Caption-style text data:
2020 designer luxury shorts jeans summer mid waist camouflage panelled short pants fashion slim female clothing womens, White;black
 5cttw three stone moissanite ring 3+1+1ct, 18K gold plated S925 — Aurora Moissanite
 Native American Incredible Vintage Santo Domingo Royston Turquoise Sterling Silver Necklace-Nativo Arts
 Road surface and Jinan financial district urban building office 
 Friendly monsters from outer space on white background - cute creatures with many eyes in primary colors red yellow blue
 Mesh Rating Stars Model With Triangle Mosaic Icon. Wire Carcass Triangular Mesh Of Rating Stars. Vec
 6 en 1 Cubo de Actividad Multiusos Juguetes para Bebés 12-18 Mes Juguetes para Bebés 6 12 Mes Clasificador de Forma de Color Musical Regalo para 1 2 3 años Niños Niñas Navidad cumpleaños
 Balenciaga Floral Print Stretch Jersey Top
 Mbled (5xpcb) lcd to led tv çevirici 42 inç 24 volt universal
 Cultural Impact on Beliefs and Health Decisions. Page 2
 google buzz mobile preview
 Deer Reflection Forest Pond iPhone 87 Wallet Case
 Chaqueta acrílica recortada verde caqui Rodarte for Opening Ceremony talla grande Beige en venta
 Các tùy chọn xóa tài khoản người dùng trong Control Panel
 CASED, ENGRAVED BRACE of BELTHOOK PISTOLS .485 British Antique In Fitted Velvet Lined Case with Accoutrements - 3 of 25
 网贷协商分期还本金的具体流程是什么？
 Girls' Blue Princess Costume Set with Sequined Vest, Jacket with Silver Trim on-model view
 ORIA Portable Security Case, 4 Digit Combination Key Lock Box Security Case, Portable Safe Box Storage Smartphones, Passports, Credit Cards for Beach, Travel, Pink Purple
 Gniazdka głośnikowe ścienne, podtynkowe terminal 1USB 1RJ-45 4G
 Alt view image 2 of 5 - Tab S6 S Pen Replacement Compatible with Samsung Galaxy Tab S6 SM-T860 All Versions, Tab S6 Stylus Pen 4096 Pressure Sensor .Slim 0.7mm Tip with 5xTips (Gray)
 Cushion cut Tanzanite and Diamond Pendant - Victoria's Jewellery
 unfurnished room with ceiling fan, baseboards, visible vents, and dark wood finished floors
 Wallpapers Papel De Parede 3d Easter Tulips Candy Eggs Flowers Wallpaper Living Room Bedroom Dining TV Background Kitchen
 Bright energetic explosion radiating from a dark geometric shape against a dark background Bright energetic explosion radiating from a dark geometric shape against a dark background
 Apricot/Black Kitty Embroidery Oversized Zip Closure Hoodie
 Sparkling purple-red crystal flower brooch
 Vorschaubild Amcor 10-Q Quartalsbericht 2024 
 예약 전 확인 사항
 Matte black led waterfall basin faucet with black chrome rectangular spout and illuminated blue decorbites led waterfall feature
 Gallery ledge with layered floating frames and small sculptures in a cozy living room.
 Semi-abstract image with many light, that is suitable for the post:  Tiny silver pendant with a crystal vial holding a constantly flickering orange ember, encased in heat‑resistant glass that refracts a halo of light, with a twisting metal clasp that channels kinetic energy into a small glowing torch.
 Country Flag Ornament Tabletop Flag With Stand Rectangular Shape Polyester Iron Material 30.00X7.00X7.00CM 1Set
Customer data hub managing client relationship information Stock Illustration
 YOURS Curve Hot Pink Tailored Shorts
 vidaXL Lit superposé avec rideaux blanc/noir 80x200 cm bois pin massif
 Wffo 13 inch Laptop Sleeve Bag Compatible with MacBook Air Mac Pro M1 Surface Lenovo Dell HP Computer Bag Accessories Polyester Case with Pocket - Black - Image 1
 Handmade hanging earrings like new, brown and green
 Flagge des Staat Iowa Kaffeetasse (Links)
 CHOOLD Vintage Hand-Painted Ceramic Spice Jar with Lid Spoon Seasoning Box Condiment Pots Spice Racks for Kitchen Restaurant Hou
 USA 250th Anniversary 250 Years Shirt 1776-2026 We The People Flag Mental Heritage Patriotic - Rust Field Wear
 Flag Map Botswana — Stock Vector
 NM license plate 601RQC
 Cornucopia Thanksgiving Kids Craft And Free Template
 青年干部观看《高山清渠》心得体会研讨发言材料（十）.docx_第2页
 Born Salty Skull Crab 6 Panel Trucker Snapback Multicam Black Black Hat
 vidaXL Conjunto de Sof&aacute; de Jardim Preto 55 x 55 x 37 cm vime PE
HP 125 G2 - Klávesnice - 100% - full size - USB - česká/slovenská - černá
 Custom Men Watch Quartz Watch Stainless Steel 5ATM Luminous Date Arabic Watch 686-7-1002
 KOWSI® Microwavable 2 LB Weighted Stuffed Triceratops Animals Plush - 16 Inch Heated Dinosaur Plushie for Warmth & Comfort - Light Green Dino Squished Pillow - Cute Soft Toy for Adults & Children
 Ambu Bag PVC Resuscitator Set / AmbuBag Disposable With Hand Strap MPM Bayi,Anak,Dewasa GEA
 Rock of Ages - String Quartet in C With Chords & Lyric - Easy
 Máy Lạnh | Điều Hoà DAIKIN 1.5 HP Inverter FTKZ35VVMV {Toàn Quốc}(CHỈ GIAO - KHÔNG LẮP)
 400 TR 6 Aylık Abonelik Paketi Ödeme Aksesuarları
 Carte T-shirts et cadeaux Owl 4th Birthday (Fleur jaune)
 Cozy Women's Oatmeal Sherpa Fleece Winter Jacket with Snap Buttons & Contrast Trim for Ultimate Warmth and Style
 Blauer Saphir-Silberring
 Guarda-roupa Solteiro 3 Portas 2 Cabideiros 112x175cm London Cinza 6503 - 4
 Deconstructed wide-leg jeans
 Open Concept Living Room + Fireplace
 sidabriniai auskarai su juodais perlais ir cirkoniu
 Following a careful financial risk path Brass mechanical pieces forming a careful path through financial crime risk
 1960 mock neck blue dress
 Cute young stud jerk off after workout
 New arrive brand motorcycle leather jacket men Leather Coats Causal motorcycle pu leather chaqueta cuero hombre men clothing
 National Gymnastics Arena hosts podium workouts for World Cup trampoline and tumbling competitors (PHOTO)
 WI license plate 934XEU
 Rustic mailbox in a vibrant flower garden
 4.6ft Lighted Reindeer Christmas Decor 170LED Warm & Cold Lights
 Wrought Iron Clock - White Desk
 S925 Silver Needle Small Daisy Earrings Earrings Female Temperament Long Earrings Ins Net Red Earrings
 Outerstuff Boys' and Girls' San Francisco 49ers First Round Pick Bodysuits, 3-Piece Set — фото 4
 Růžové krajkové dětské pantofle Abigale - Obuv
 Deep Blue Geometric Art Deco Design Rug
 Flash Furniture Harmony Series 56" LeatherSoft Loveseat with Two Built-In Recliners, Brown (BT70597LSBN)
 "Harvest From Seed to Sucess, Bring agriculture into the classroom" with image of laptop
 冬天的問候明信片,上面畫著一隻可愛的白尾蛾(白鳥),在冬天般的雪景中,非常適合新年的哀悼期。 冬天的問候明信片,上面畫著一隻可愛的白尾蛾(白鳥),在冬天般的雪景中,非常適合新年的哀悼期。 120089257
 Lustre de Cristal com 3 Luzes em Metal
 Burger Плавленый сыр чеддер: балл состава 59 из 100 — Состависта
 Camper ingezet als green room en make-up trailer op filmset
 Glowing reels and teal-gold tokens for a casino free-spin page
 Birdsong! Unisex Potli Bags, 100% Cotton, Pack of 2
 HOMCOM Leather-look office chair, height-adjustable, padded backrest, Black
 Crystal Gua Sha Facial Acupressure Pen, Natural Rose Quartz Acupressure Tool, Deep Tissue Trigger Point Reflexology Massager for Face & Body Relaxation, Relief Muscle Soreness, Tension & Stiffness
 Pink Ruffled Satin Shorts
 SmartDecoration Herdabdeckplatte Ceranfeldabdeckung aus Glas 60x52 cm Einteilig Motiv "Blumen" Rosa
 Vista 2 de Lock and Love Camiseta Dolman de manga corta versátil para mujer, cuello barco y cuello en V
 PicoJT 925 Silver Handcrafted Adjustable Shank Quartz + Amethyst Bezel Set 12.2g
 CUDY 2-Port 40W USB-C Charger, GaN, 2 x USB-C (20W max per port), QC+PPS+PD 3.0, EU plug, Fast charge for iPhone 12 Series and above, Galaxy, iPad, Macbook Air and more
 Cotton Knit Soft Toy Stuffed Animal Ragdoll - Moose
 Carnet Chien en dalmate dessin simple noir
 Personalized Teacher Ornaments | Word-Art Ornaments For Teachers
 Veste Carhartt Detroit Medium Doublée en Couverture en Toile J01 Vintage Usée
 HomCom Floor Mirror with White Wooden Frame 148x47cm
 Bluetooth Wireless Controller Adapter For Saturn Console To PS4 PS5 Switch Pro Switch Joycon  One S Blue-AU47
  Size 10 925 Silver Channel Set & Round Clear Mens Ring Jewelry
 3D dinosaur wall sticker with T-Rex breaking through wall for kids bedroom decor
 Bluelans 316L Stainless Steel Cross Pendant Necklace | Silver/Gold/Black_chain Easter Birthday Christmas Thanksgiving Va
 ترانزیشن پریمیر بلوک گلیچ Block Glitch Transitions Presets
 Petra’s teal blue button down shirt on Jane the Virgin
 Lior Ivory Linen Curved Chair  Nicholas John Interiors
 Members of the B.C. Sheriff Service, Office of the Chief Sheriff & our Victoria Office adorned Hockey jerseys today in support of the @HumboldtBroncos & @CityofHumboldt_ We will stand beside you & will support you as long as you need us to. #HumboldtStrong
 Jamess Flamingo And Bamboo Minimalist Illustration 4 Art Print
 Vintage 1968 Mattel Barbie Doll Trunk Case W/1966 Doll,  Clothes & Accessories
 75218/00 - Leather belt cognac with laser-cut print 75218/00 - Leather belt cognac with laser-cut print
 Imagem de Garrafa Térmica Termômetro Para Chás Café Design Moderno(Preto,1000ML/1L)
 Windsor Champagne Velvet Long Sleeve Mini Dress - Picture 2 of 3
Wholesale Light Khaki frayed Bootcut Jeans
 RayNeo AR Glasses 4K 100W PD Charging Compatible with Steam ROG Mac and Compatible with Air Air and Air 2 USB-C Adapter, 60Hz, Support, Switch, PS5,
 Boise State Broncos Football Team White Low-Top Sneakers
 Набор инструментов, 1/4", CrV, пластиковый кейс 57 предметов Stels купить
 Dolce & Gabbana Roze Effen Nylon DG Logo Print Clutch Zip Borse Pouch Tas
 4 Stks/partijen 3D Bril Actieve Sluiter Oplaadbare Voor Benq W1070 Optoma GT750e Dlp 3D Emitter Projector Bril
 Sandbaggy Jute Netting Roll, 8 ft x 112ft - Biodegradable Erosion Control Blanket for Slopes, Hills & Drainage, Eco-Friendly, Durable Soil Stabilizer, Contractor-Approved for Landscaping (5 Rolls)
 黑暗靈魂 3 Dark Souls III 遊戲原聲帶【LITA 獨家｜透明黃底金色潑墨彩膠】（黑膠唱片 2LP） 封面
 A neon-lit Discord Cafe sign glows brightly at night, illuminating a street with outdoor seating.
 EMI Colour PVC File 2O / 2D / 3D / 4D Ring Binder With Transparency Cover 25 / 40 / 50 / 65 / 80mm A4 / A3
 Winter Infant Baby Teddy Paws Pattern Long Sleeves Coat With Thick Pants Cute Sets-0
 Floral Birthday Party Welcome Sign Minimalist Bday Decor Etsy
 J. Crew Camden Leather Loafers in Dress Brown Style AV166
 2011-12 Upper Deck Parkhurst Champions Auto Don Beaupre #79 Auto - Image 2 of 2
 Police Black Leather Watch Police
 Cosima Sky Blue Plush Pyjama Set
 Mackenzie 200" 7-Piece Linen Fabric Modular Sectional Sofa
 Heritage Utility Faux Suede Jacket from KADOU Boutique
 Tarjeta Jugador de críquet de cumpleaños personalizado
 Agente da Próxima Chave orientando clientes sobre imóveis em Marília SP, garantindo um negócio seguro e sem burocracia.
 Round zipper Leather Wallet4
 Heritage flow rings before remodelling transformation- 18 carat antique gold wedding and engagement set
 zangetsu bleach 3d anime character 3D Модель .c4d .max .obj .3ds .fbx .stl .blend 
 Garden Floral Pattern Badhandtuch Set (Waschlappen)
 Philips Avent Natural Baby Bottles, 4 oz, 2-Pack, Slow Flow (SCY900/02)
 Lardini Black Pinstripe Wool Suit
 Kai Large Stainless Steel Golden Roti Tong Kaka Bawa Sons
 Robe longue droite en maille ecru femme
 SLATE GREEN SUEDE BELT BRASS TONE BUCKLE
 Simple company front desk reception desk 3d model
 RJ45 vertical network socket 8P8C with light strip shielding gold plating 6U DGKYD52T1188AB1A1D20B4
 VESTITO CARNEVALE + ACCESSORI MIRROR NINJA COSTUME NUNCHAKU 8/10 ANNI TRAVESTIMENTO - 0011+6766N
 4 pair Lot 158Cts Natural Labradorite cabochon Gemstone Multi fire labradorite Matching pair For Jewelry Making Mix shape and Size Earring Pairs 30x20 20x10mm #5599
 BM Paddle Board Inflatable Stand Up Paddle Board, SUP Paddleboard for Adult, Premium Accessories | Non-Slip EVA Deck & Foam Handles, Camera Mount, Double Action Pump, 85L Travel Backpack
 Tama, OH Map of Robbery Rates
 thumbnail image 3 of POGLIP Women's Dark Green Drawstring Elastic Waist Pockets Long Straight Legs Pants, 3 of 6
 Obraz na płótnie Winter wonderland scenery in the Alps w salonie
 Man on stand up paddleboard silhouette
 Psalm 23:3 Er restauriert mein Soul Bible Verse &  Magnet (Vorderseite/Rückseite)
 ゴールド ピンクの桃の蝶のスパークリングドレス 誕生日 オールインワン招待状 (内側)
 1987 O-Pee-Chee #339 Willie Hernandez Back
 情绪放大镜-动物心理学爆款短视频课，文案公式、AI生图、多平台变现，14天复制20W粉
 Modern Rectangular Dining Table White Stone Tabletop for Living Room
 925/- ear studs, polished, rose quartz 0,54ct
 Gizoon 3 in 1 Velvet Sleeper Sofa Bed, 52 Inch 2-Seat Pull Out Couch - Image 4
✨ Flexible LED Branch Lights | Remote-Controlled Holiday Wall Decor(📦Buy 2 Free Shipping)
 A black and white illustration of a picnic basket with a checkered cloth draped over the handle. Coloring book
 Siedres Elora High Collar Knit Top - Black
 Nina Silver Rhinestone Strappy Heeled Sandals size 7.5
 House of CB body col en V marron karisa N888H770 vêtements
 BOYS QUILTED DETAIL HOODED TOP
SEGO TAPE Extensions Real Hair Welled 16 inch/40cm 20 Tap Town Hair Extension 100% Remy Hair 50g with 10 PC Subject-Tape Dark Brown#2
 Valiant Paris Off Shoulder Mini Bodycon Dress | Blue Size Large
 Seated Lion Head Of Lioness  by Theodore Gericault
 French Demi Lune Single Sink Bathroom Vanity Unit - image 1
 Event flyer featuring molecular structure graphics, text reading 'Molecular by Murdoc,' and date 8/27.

What you are asked to do: What do the lines above say from the one containing "Lior Ivory Linen" down to the one containing "Boise State Broncos"? Return them exactly, both end lines included, and only them.

Solution for this exercise:
 Lior Ivory Linen Curved Chair  Nicholas John Interiors
 Members of the B.C. Sheriff Service, Office of the Chief Sheriff & our Victoria Office adorned Hockey jerseys today in support of the @HumboldtBroncos & @CityofHumboldt_ We will stand beside you & will support you as long as you need us to. #HumboldtStrong
 Jamess Flamingo And Bamboo Minimalist Illustration 4 Art Print
 Vintage 1968 Mattel Barbie Doll Trunk Case W/1966 Doll,  Clothes & Accessories
 75218/00 - Leather belt cognac with laser-cut print 75218/00 - Leather belt cognac with laser-cut print
 Imagem de Garrafa Térmica Termômetro Para Chás Café Design Moderno(Preto,1000ML/1L)
 Windsor Champagne Velvet Long Sleeve Mini Dress - Picture 2 of 3
Wholesale Light Khaki frayed Bootcut Jeans
 RayNeo AR Glasses 4K 100W PD Charging Compatible with Steam ROG Mac and Compatible with Air Air and Air 2 USB-C Adapter, 60Hz, Support, Switch, PS5,
 Boise State Broncos Football Team White Low-Top Sneakers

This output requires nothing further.